Observation of Selective Isotope Effect in the Ultraviolet excitation of N2: A Computational Study

TL;DR

This computational study reveals a strong wavelength-dependent isotope effect in the ultraviolet photodissociation of N2, with implications for interpreting atmospheric and extraterrestrial isotopic signatures.

Contribution

The paper provides ab initio calculations of isotope effects in N2 photodissociation across 12.5-15 eV, identifying two physical mechanisms and predicting experimental conditions for observation.

Findings

Significant wavelength dependence of isotope effects observed.

Narrower laser beams enhance the isotope effect, enabling experimental testing.

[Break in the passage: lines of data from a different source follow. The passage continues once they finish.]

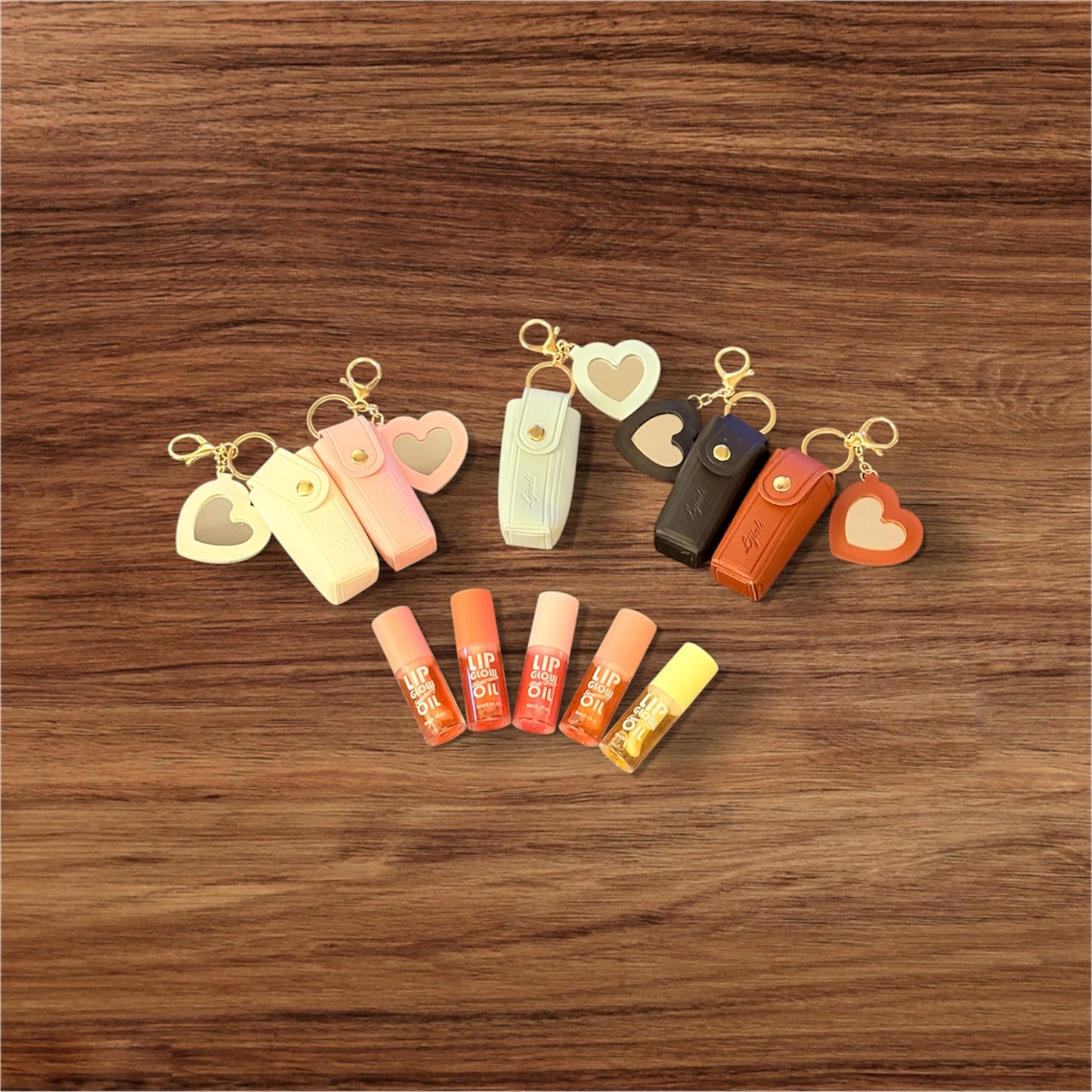 Lip oil with convenient on the go holder, with added mirror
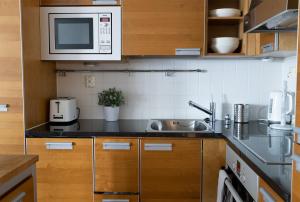 uma cozinha com um lavatório e um micro-ondas em 2ndhomes Luxury 1BR Kamppi Center Apartment with Sauna and Big Terrace em Helsinque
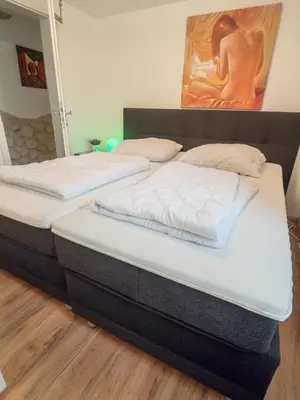Ein Bett oder Betten in einem Zimmer der Unterkunft Naturferienhaus mit Schlossblick in Drübeck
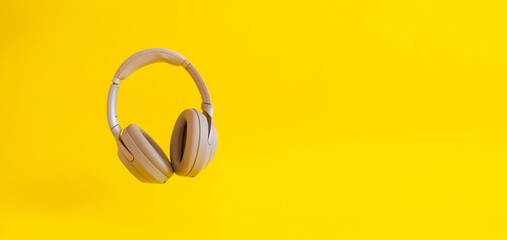 simple wireless headphones isolated floating in the air against the colorful background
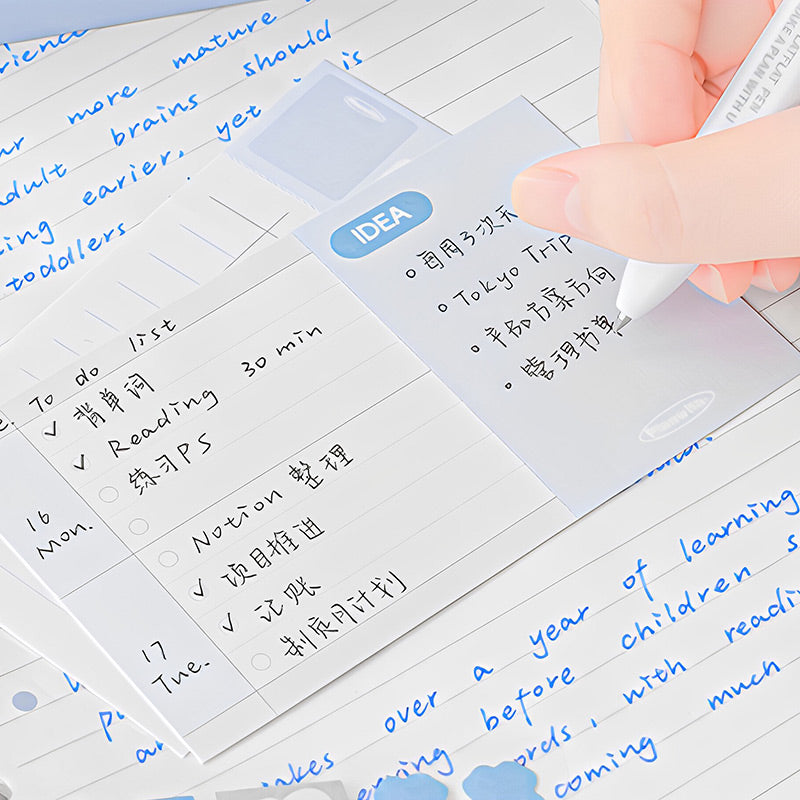Hand writing a to-do list on a blue IDEA index card placed over a lined notebook page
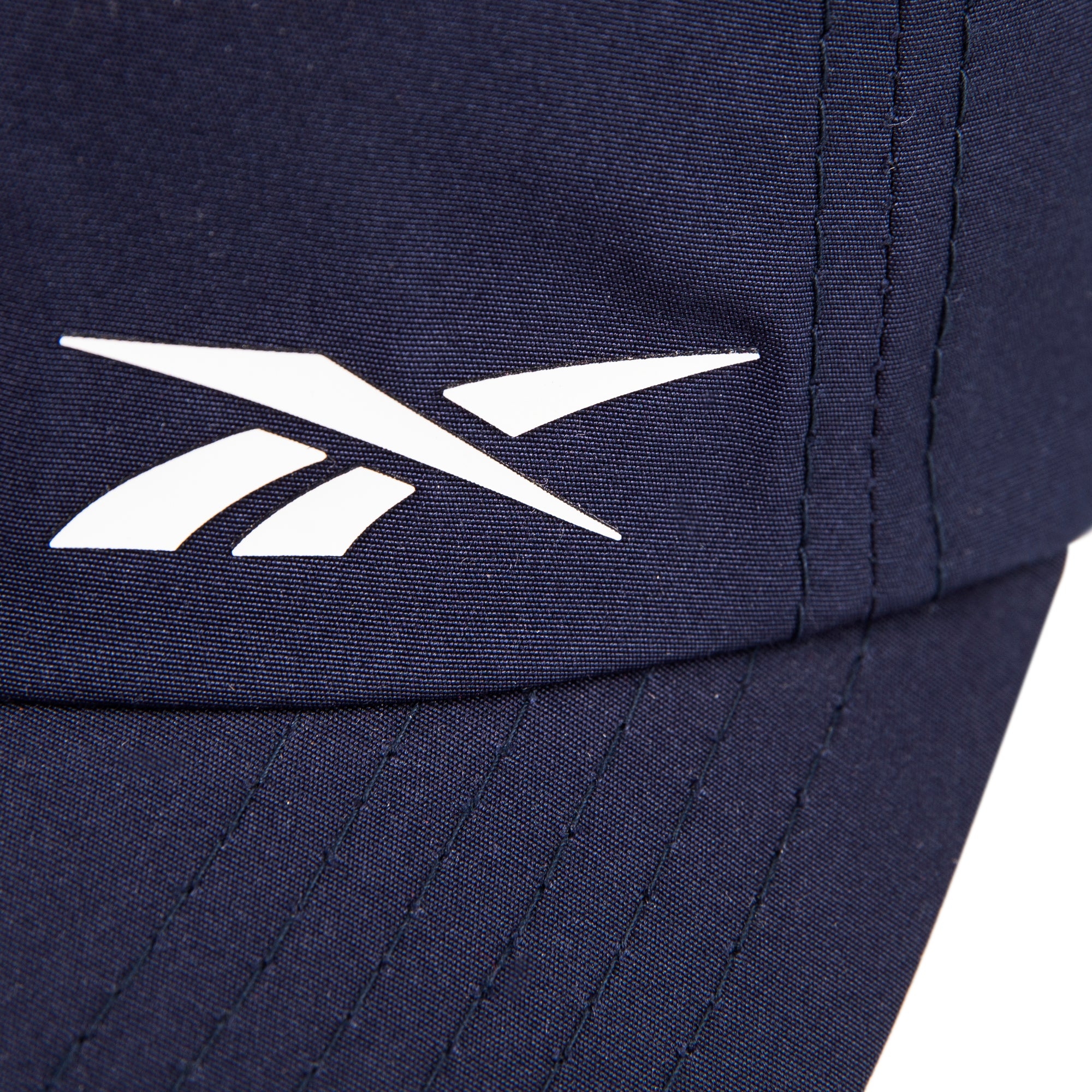 Close-up of the Reebok Flow Cap in navy blue, made from recycled polyester. Features a white Reebok logo near the stitched seam and a moisture-wicking sweatband for comfort.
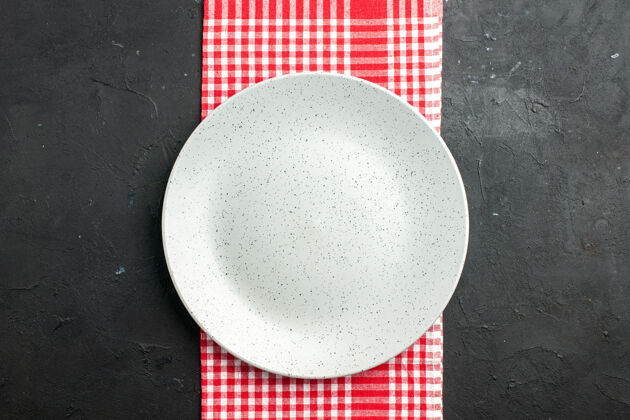 圆形顶视图白色圆板上的红色和白色方格餐巾上的黑色桌子复制的地方玻璃板深色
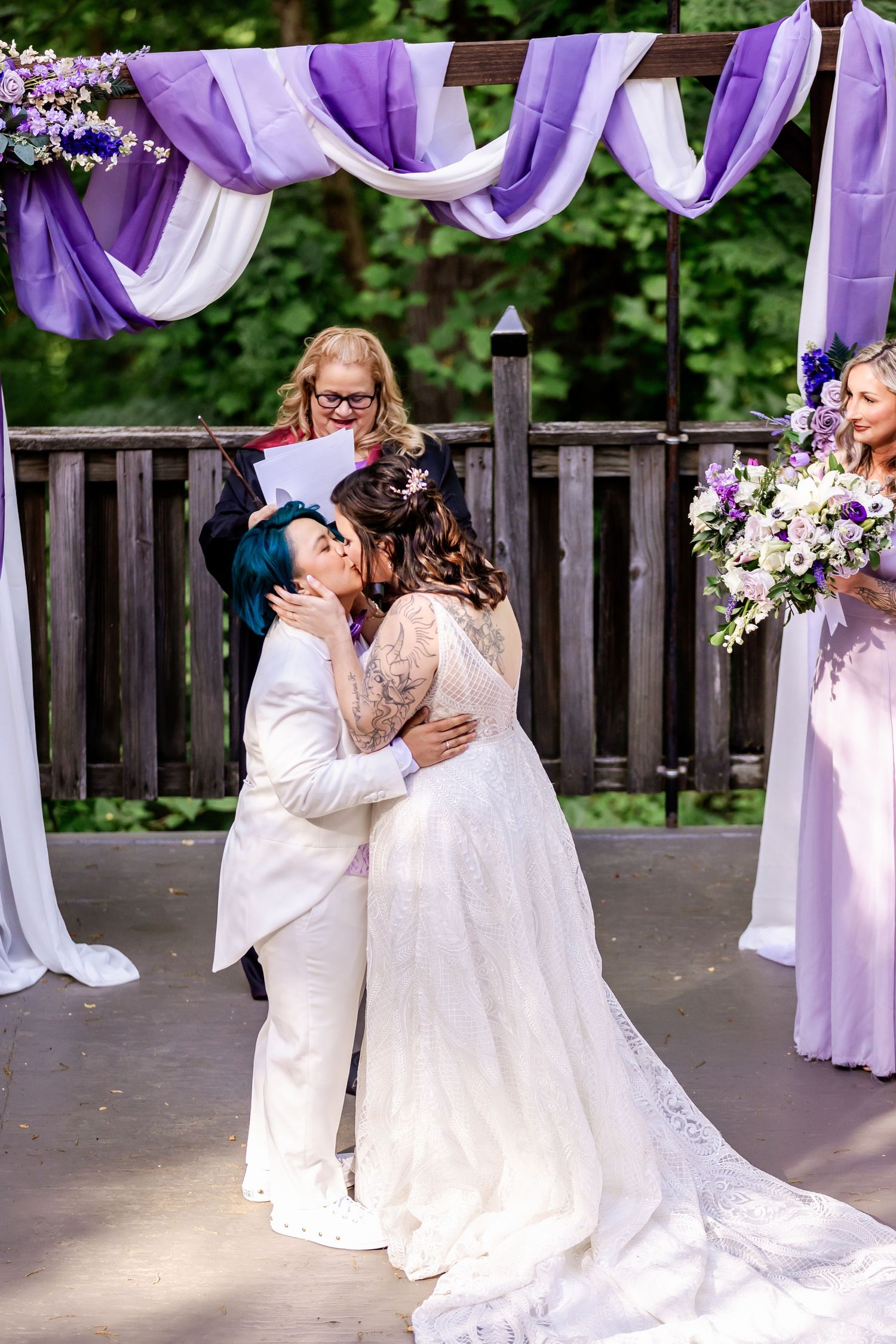 A romantic first kiss at a wedding ceremony beneath purple and white draped decorations.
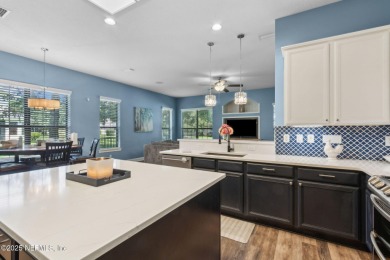 This exquisite 3 story brick-front Tudor spans nearly 4,000 sq on Eagle Landing Golf Club in Florida - for sale on GolfHomes.com, golf home, golf lot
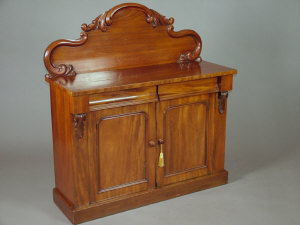 Appraisal: A Victorian mahogany chiffonier the raised serpentine acanthus carved back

Larger fractionation for 15N15N compared to 15N14N.

Abstract

Isotope effects associated with gas phase N2 photolysis are used to interpret Martian atmospheric evolution, icy satellite atmospheric chemistry and meteorite isotopic anomalies from nebular N2 photochemistry. To interpret observations at the highest level, fundamental understanding of the precise wavelength dependency of the process must be known. In this paper VUV isotopic photodissociation effects are calculated as a function of wavelength at different wavelength slices in the 12.5-15 eV range. A very strong wavelength dependence is observed, which is significant for experiments. An observable effect is possible for the width of the beam profile at the advanced light source, ALS that may produce sufficient photolysis product for high precision isotopic analysis. A significantly more pronounced effect is predicted for a beam narrower by a factor of four providing a potential experimental test of the model. The spectrum is computed ab initio. It manifests two physical mechanisms for the isotope effect and they can be discriminated using a narrow beam. The fractionation is larger for the rarer heaviest isotopomer 15N15N and half as large for 15N14N.